I've been on a quest to find a studio space to move my stuff out of my garage. There's something about a studio--it focuses a person into keeping their art part of their job, their livelihood. If I go away to work, I somehow focus my attention better... It's the "work-at-home" syndrome that worries me--I don't want to not get things done because I'm working at home. Instead, going somewhere else to work might be a better option for me. But I'm still at home right now, and with no income as of yet, my possibilities of moving out are pretty slim... hehe... I have some colleagues that are thinking about going in on a space, and working together might help us expand our possibilities and job prospects... There's a whole 'nother story to that, and I won't go into it yet, but suffice to say a studio space would work for me on a number of levels.
So I went downtown today to visit my friend Joan Mathison. Joan and I worked together at the Old Globe Theatre for a number of years in the costume shop, and she has always been working on her paintings in bits and pieces since I've known her. Now she works for a company that does... well... architecture/interior design stuff... I'm not really sure, but it's sort of artistic. She has her own studio space that she does painting in, and her skills have developed rapidly in beautiful directions--her landscapes are quite stunning.

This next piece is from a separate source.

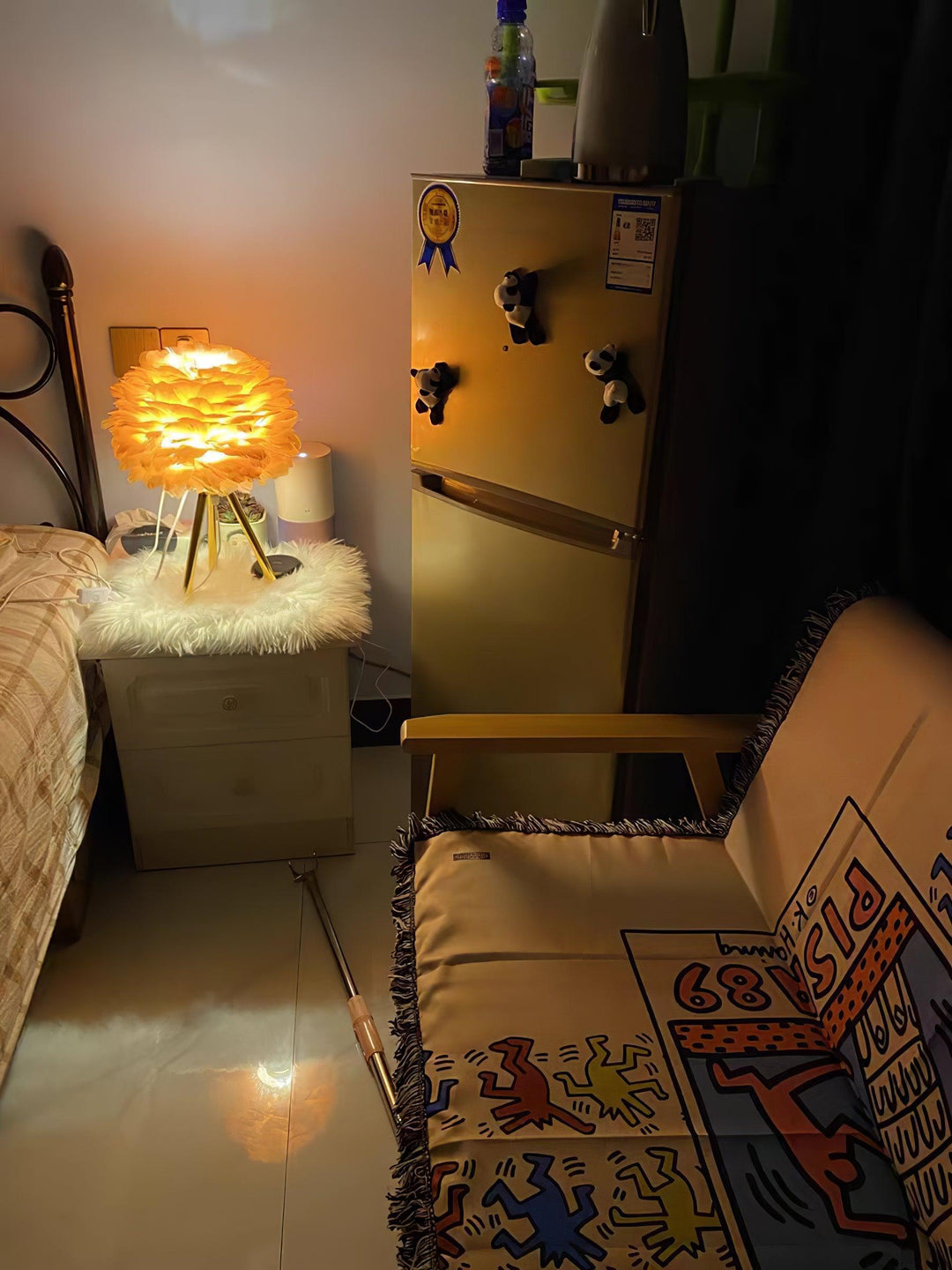 Goose Feather Table Lamp - Vakkerlight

She's one of the few "studio artists" that I know. When she answered my email she felt she didn't know much about the San Diego art scene. I can only suppose it's because she paints when she can--it's never been her sole vocation that I can remember. But when I got to her studio to talk about her space, she could have fooled me. Not only was she on the Board for the building, she knew practically everyone that had a space there. I was walked through many of the spaces, and she introduced me to some of her fellow tenants!

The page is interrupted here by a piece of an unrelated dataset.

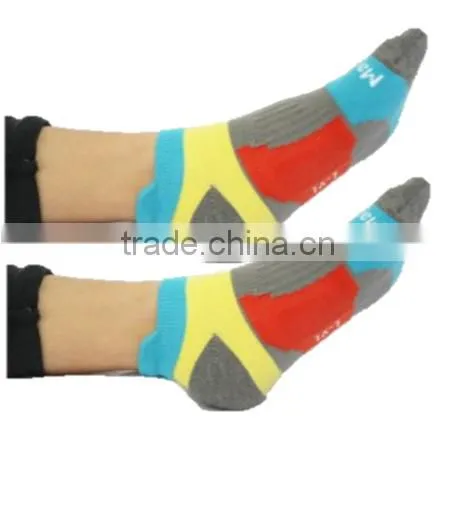 Firm Arch Support Sport Ankle Stabilizing Gel Socks photo-6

When I got there, I realized I'd been in the building once before many years ago. It had been hot and crowded as it used to be on a walking tour of art studios in the downtown area of San Diego--a once per year event called ArtWalk that has since moved out of downtown.
But it was under different management now--folks that care about making sure artists have affordable studio space, and that there remain artists in the downtown area (San Diego's downtown urban renovations ala a new baseball park have out priced many of the artists that used/lived in that area...). One of the last holdouts. And now it was a lot nicer. Still no air conditioning, and most of the spaces have lower walls on the communal second floor, but it was intriguing. The third floor, where Joan shared a very large 600 square foot studio with another artist, had more private spaces all off a central gallery area where they would have shows. Hers was one of the very very few that actually had water.
My conversation with Joan brought up a lot of topics to think about. What direction I was gonna take this, why wasn't I at my university job anymore, were there similar folk like myself in the building... Most of the artists used their studios for painting, but there were a couple that had sewing machines there, and even an actual tailor.
It was food for thought. Just under $150 a month for the much smaller spaces (Joan shared one of the biggest studio spaces in the building), all utilities included. Many artists brought in refrigerators, extra lighting, etc. One artist who didn't have windows in his studio arranged to have his portable AC unit there for an extra $50 a month. I'm not sure how many spaces were there--35 maybe?
I'm not sure what to think about it. I'm not sure I'm in a position to afford something until I get my feet on the ground, and yet "going in" with my colleagues could make it affordable. Hm. Food for thought. More on this later.